Required work → Any picture must be dropped, but each line of the data should be duplicated exactly.

Data shown →
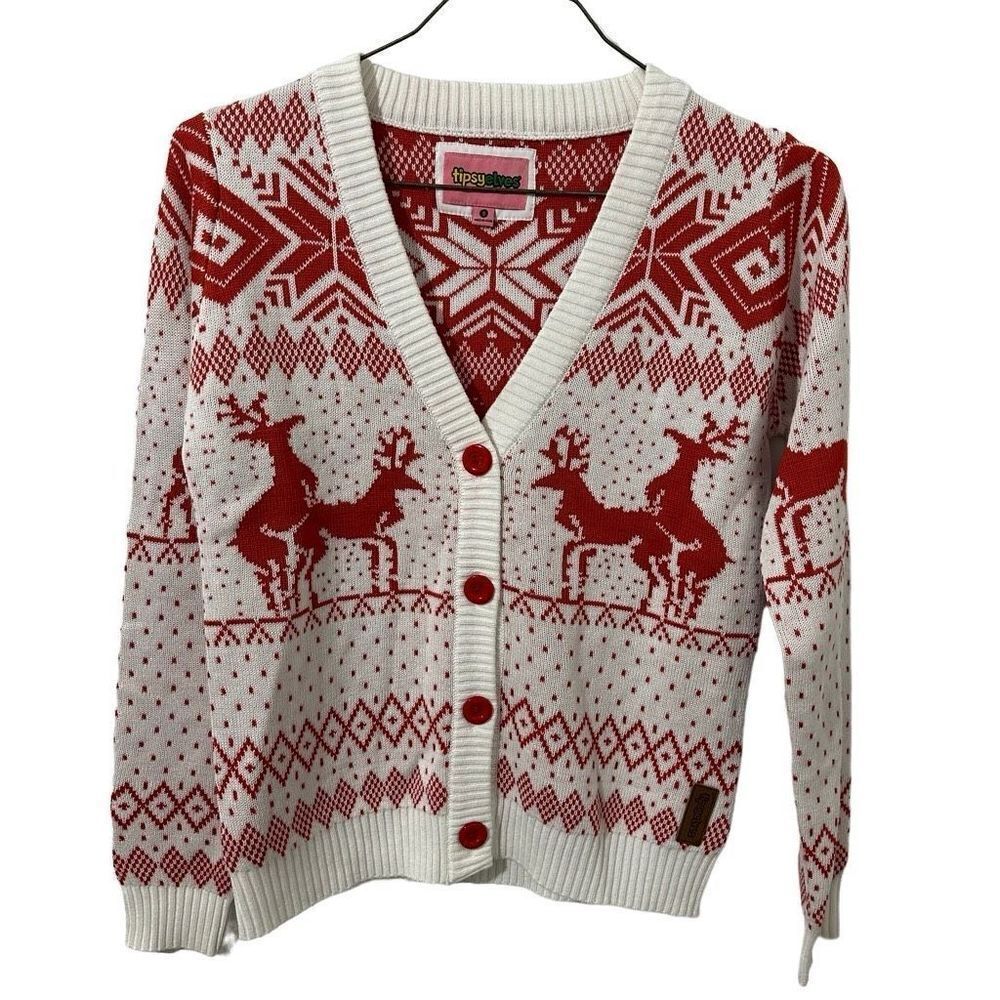 Tipsyelves sweater size S      A520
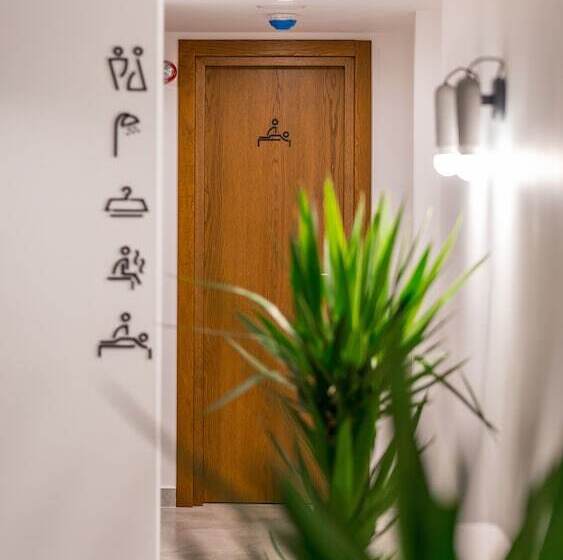 هتل Step Inn   Kazbegi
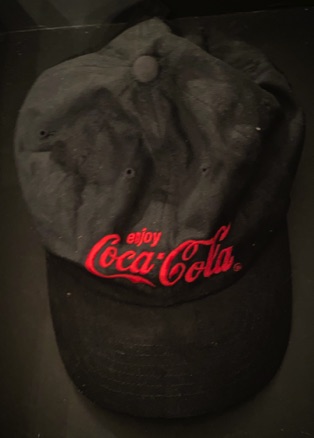 8668-1 € 5,00 coca coca cola petje zwart met rode letters geborduurd.jpeg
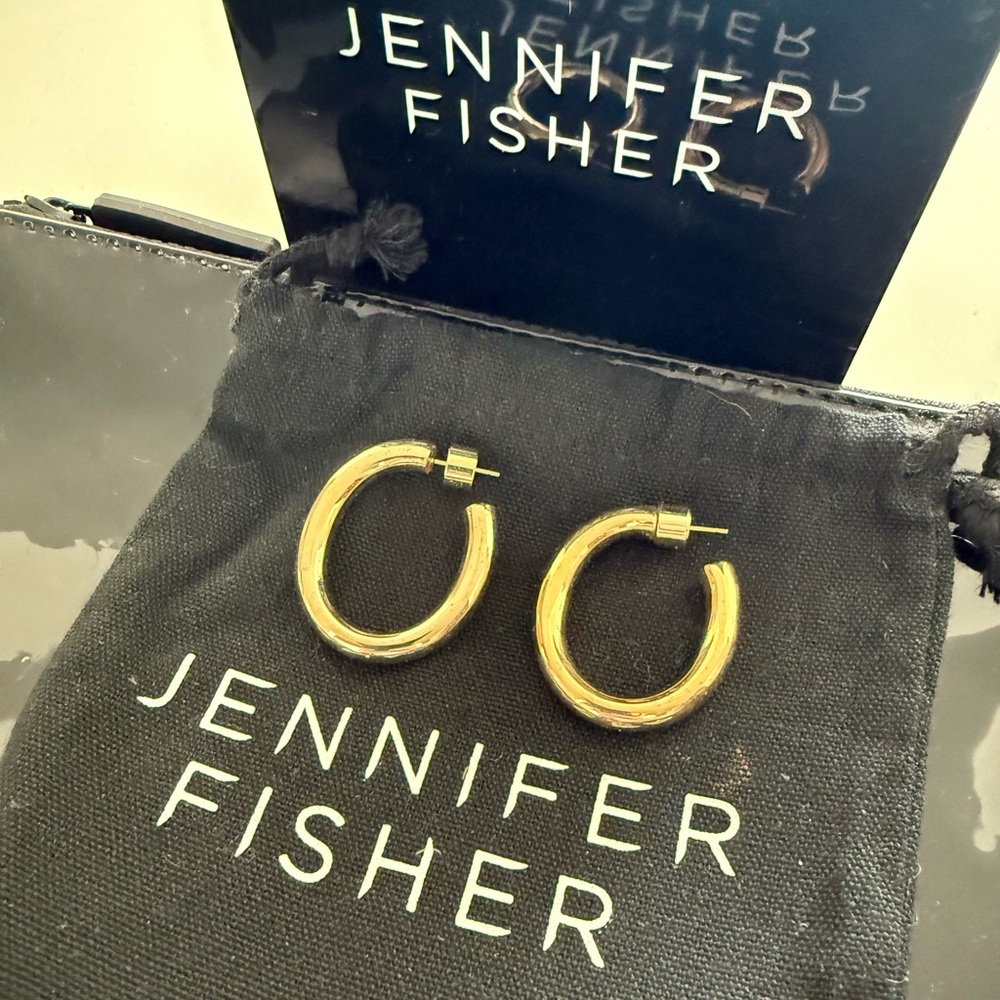 Jennifer Fisher no longer sold, 1” Samira oval 14kt plated gold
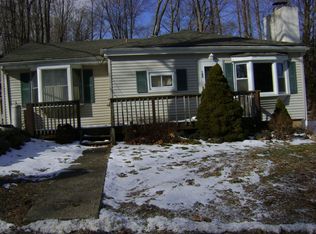 182 Monroe Trl, Hopatcong, NJ 07843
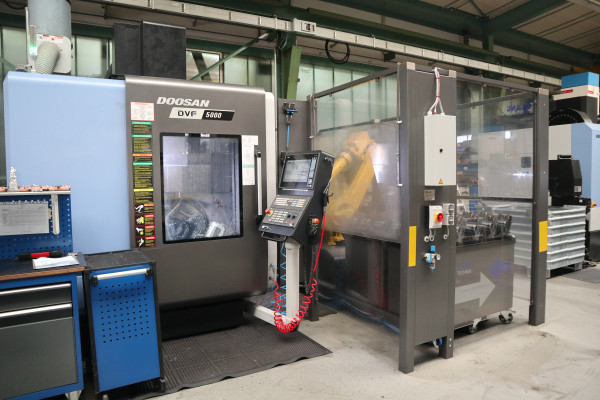 RoboTrex Automation mit DN Solutions DVF5000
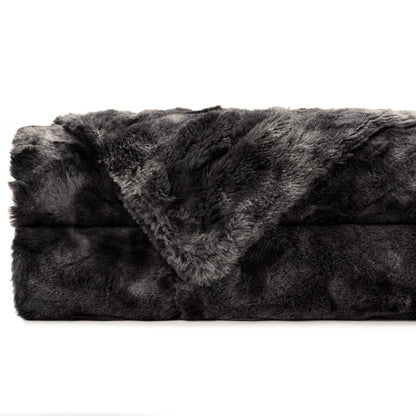 Avelena | Wendbares Oversized Wolf Faux-Fur-Wurfdecke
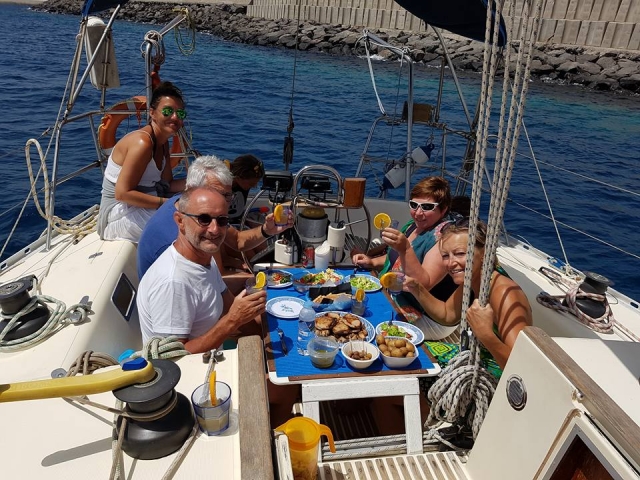  Cibo sulla barca a vela 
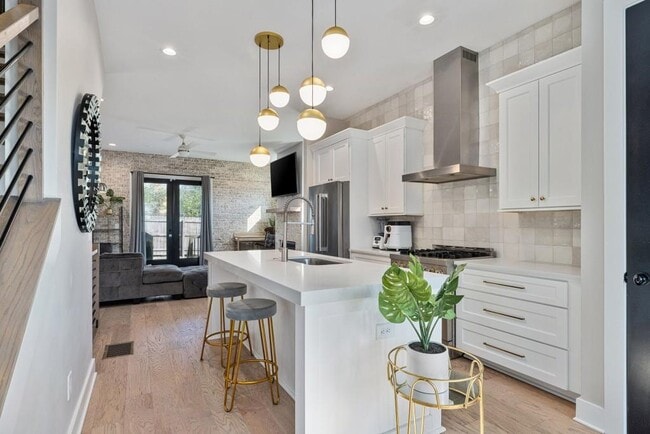 Building Photo - 2356 Mason Dr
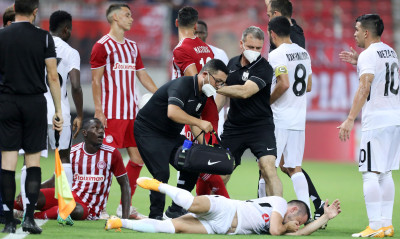 Ολυμπιακός-Νέφσι Μπακού: Η αποβολή με χτύπημα - καράτε του Καμαρά - Ήρωας ο Τζολάκης (video)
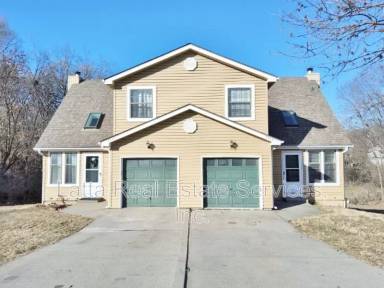 Main picture of 7337 N Liberty St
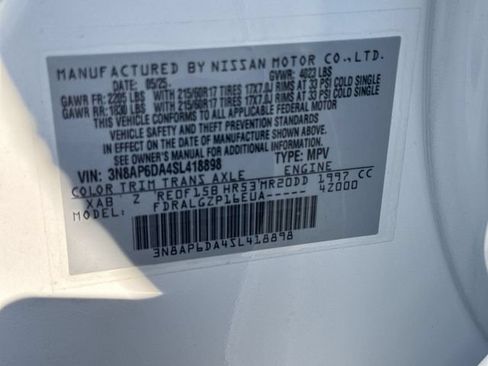 Used 2025 Nissan Kicks SR FWD image 28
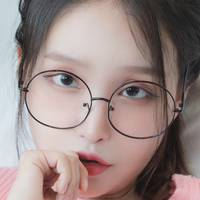 Lee Seol 이설 Meztelen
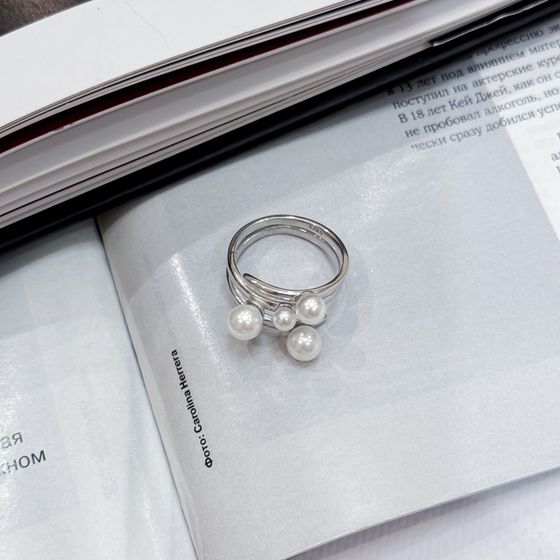 Silver ring with pearls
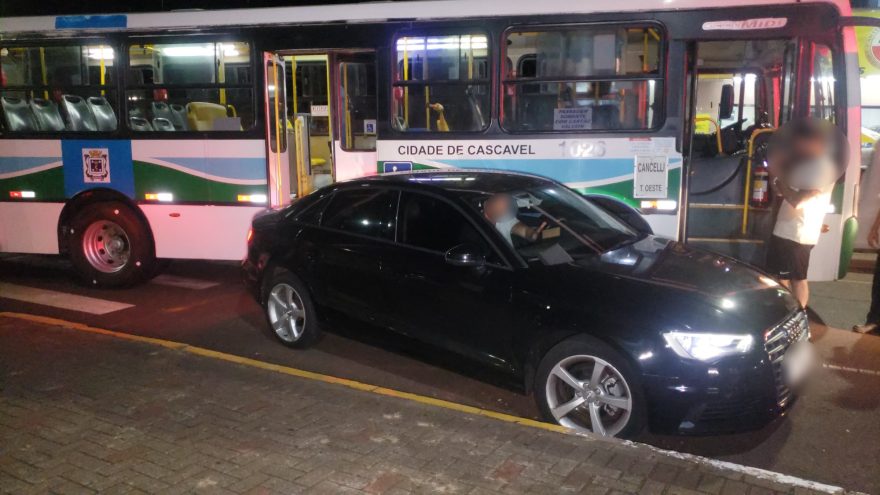 Passageira de ônibus fica ferida em acidente na Rua Presidente Juscelino Kubitscheck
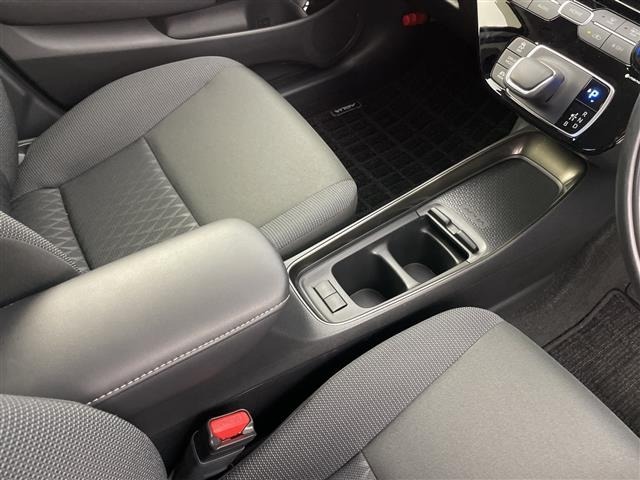 Toyota AQUA 2021 8588116-5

Final answer →
 Tipsyelves sweater size S      A520
 هتل Step Inn   Kazbegi
 8668-1 € 5,00 coca coca cola petje zwart met rode letters geborduurd.jpeg
 Jennifer Fisher no longer sold, 1” Samira oval 14kt plated gold
 182 Monroe Trl, Hopatcong, NJ 07843
 RoboTrex Automation mit DN Solutions DVF5000
 Avelena | Wendbares Oversized Wolf Faux-Fur-Wurfdecke
  Cibo sulla barca a vela 
 Building Photo - 2356 Mason Dr
 Ολυμπιακός-Νέφσι Μπακού: Η αποβολή με χτύπημα - καράτε του Καμαρά - Ήρωας ο Τζολάκης (video)
 Main picture of 7337 N Liberty St
 Used 2025 Nissan Kicks SR FWD image 28
 Lee Seol 이설 Meztelen
 Silver ring with pearls
 Passageira de ônibus fica ferida em acidente na Rua Presidente Juscelino Kubitscheck
 Toyota AQUA 2021 8588116-5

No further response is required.